When I asked why we weren't getting airplay, I was told it was probably because our MC sounded 'too American'.


You gotta be kidding me!


I'm just a fan of music, period (English and Spanish!), so any article on music is always interesting to me.


Same for me!
on Jul 30, 2006

Same for me!

Thank you.  It was just one of those observations I saw when listening to DynaMaso and then the comment my wife made about a Castillian singer.  hey!  Dyna says he is Australlian, but how do we REALLY know? 

on Jul 30, 2006
Dyna says he is Australlian


You know, the funny thing about this is that I've often been asked, by both Australian-born and others, what country I am originally from! My wife says I speak very well and have an excellent 'radio' voice. I don't know whether it is years of performing and making sure my enunciations are correct or the years I spent as a DJ on community radio but something about the way I speak has some thinking I'm not Australian-born.
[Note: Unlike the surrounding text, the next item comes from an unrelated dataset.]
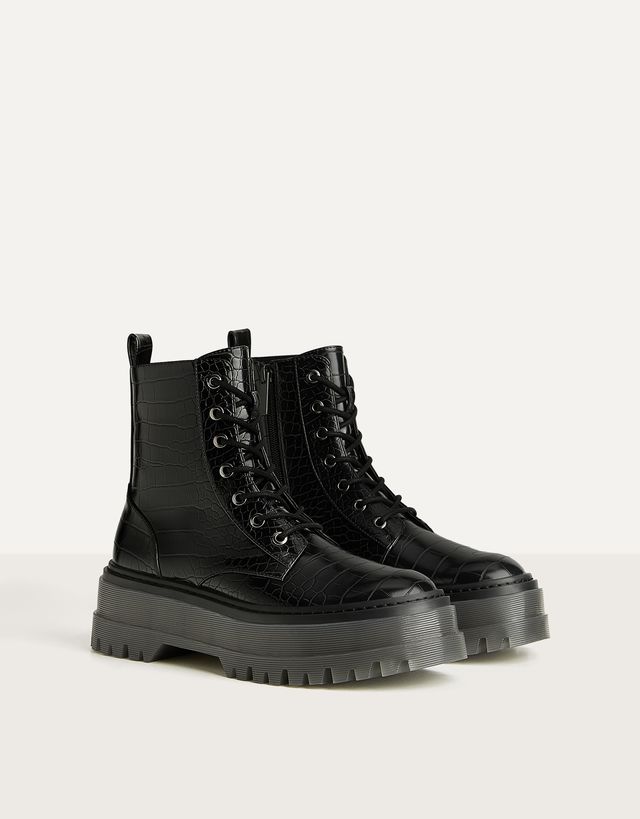 Botines plataforma track grabado animal - Mujer | Bershka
I can most certainly assure all those I am, although there is no real way to prove it unless I put up a scan of my birth certificate (where ever it is).
on Jul 31, 2006

I don't know whether it is years of performing and making sure my enunciations are correct or the years I spent as a DJ on community radio but something about the way I speak has some thinking I'm not Australian-born.

That will do it.  When you hear yourself on the Radio, it often makes you start enunciating more clearly.  Not all, but most of the DJs here in the states have little if no accent.  I did Radio in HS (as part of an Explorer  post), so that probably helped me.  But no one has ever asked if I was Australian.